El 22 de agosto se cumple un mes de la muerte de Daniel Pereira, el joven de Villa San Damián, que recibió un puntazo mortal en el corazón. Daniel dejó a cuatro niños sin su papá y a su familia, que en el medio del dolor no puede hacer el duelo por las amenazas constantes que reciben según denunciaron en Tiempo de San Juan.
A Daniel hay cuatro detenidos. Hay dos versiones: por un lado, que lo mataron a golpes para robarle el celular y por el otro, que se trató de un homicidio en riña, como avanza la causa en la Justicia.
“Es un quilombo todo por acá, porque matan a mi hermano y seguimos asustados. Tenemos que vivir encerrados por las amenazas que recibimos”, contó apenado Dante y Diego, hermanos de Daniel. Además deben convivir con que Matías continúa internado en el Hospital Rawson. “Tenemos miedo, no sabemos ahora con que nos vamos a encontrar”, repitieron angustiados.
Los hermanos Pereira (menos Matías) y su cuñado han trabajado siempre juntos, ahora están en una obra de construcción que hay en Chimbas y tras la muerte de Daniel dicen que todo cambió: “No sabes lo que costó trabajar de nuevo porque no estaba él, siempre estábamos juntos. Nos dieron una semana de duelo, después de esos 7 días fuimos y no queríamos hacer nada. Imagínate, que ni los lugares donde él siempre estaba no pudimos volver a pasar” contaba con desazón Dante su hermano mayor.
Daniel Pereira, a sus 34 años, se casó una sola vez y se divorció a los años, y con esa mujer tuvo a 4 hijos, el mayor de 13, y la menor de 5 años. Según los dichos de su familia, él siempre contribuyó con la cuota alimentaria y respetaba cada día que podía estar con sus hijos: “Trabajaba para ellos, el contribuía siempre con la cuota alimentaria de todos los meses y los amaba con todo su corazón. Fue todo muy triste para sus hijos, imagínate que cuando el falleció a los días su hija más chica cumplió sus 5 años”, dijo Dante. Su madre describió a Daniel como la alegría del hogar. Sus hermanos recuerdan cada momento que pasaron junto con él: “Llegaba a la casa y ponía música, él era siempre alegre con todos, podía sentarse al lado de cualquiera y charlar como si te conociese de toda la vida” dijo su cuñado.
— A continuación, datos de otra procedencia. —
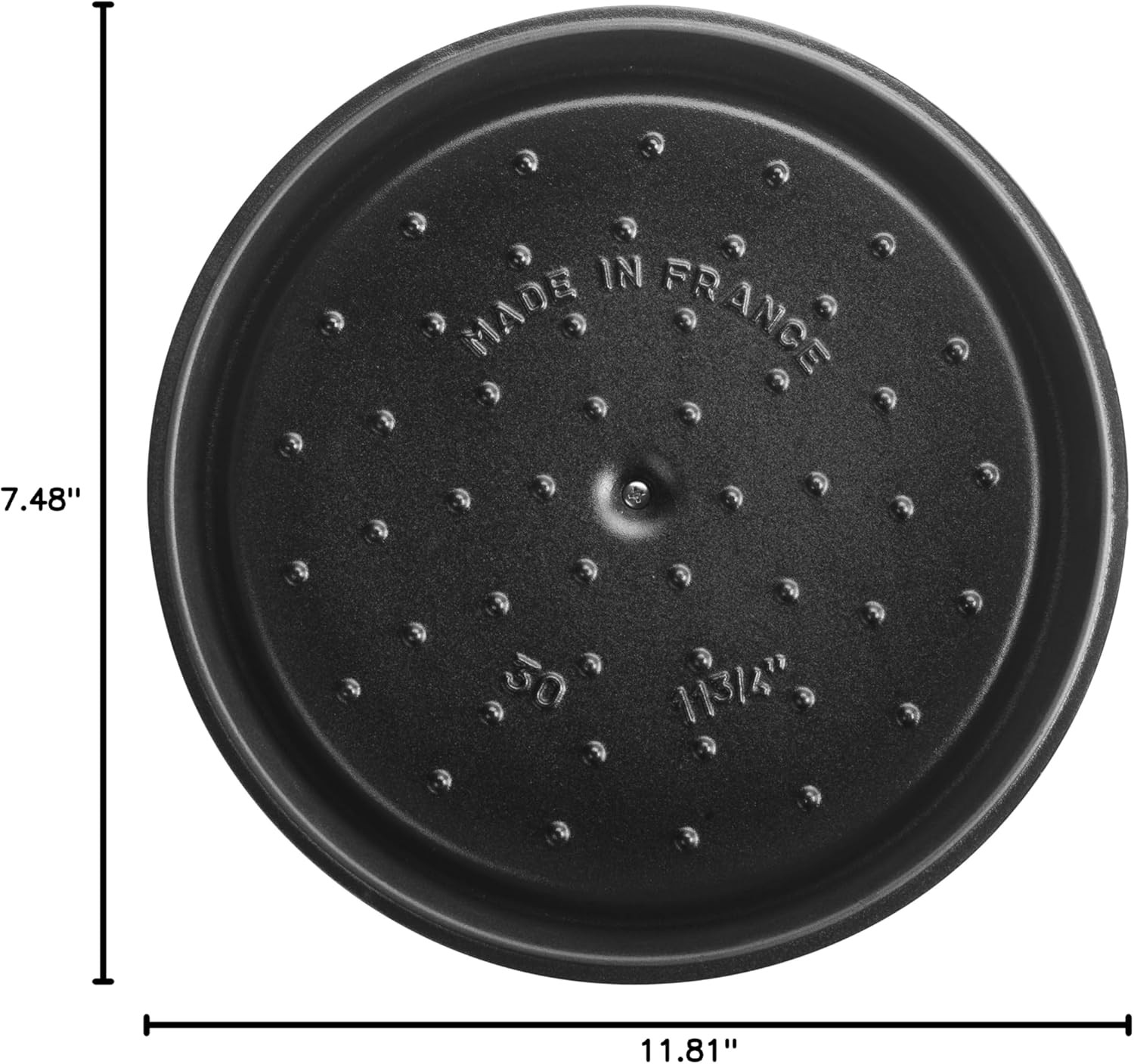 Round Cast Iron Cocotte, 8.35L, 30cm, Graphite Grey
Su amor por el fútbol, también fue algo muy importante en su vida: “Llegó hasta jugar en la primera de Unión de Villa Krause, jugaba por unos pesos. Además jugó siempre en las liguillas y nunca lo dejó de hacer”, comentó su hermano. Hasta su cuñado entre algunas risas recordó: “Siempre nos invitaba, porque él era el goleador y metía cuatro goles por partido, pero cada vez que nosotros íbamos no metía ni uno”.
El dolor de la ausencia pesa en la familia Pereira, su hermano Dante contó: “Me pongo a escuchar los audios que nos mandabamos con él, estoy horas viendo todo lo que nos hablábamos”. Y más en su mamá, una mujer de poco hablar solo comentó: “Lo espero todavía, para mí no ha muerto, veo su foto y yo sigo hablando con él”. Y con su mirada de tristeza, terminó diciendo: “ No hay palabras y no caigo todavía, siento que él me llama. Pienso que lo voy a ver siempre que me voy para el fondo y que él va a estar ahí”.
El 22 de julio se cumple un mes de su muerte y la causa todavía sigue en curso. En el Quinto Juzgado de Instrucción hace dos semanas fueron hablar los únicos 4 detenidos en la causa, y la caratula que tiene este episodio, por ahora es, homicidio en riña.